We take our pubs for granted, but the people running them and the pressures they face are rarely thought about?

Until something goes wrong, that is, which is why every customer needs to be responsible and not jeopardise a publican’s livelihood after a nightmare year.

Sure as eggs are eggs, if there is another spike in cases, fingers won’t hesitate to point to the pubs and dodgy social distancing, however hard individual landlord and ladies work to keep people spaced out and safe.

Ultimately, the responsibility is with the customers.

Being daft and hugging, sharing food and crowding together might well, which is why people using pubs have to think about how they use them and respect the nightmare publicans have been through in the last year and tread carefully and keep to the rules.

Even those infrequent users don’t want to see pubs and restaurants closed and boarded up.

It often takes a village pub to be under threat of closure for people nearby to appreciate a pub brings so much more to a community than a place to get a pint, and are communities within themselves, and see you don’t have to be a drinker to use a pub.

The bravery of people reopening pubs and restaurants this week to provide a service when the custom ahead is so unpredictable should not be underestimated and is to be admired.

This week has been a novelty – the break-out.

Sitting freezing eating food that goes cold as soon as it’s served doesn’t detract from the fun for the first or even second time.

But it soon wears off. Will media photographers find the same busy tables, smiles and positivity about what lays ahead if they go out next Monday night?

Now, staff are delighted to be back from furlough, many young people desperate to work, even students deprived of topping up their loans with part-time jobs.

We must give them the support and respect they deserve to keep going – and be responsible or they could end up gone forever.

Back to the barbers: There’s nothing like a trip to the hairdresser after five long months to put a spring in my step.

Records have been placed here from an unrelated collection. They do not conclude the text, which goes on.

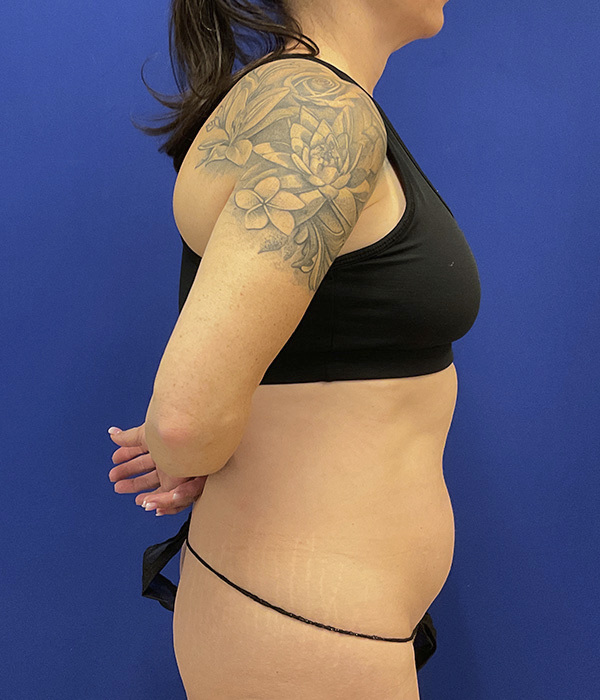Tummy tuck by Dr. Raj Iyengar - right side view before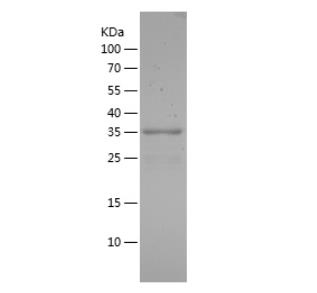 Recombinant Human FOXO1.png
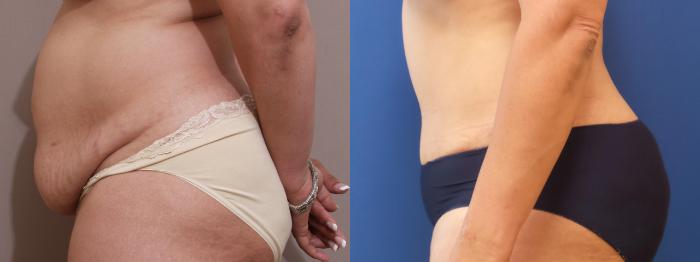 Tummy Tuck Case 161 Before & After View #2 | Webster, TX | Houston Plastic and Reconstructive Surgery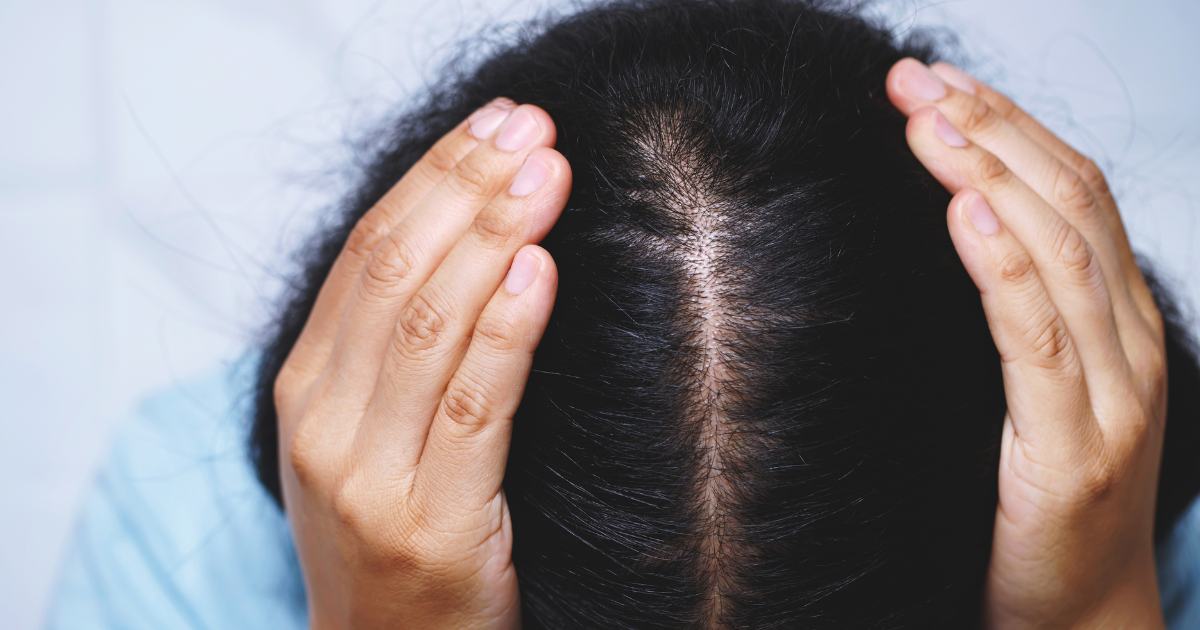 Mulher com cabelo oleoso usando argila vermelha como tratamento capilar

Being back in the salon chair and handing my Suzi Quatro in the ‘70s-style mane into her taming hands was bliss.

Our six-weekly catch-ups are about so much more than covering up inches of grey roots and having a snip. We’re the same age, with children in their 20s living far away and know lots of the same people, and she’s become a grandmother since my last colour and cut.

Like pubs, hairdressers are crucial public services but also intimate places where relationships are formed and lives are shared.

What I did learn was that she, and so many hairdressers and self-employed, have had no government support payments since before Christmas.

Their worth has been proved the hard way in the last year, so please tip generously.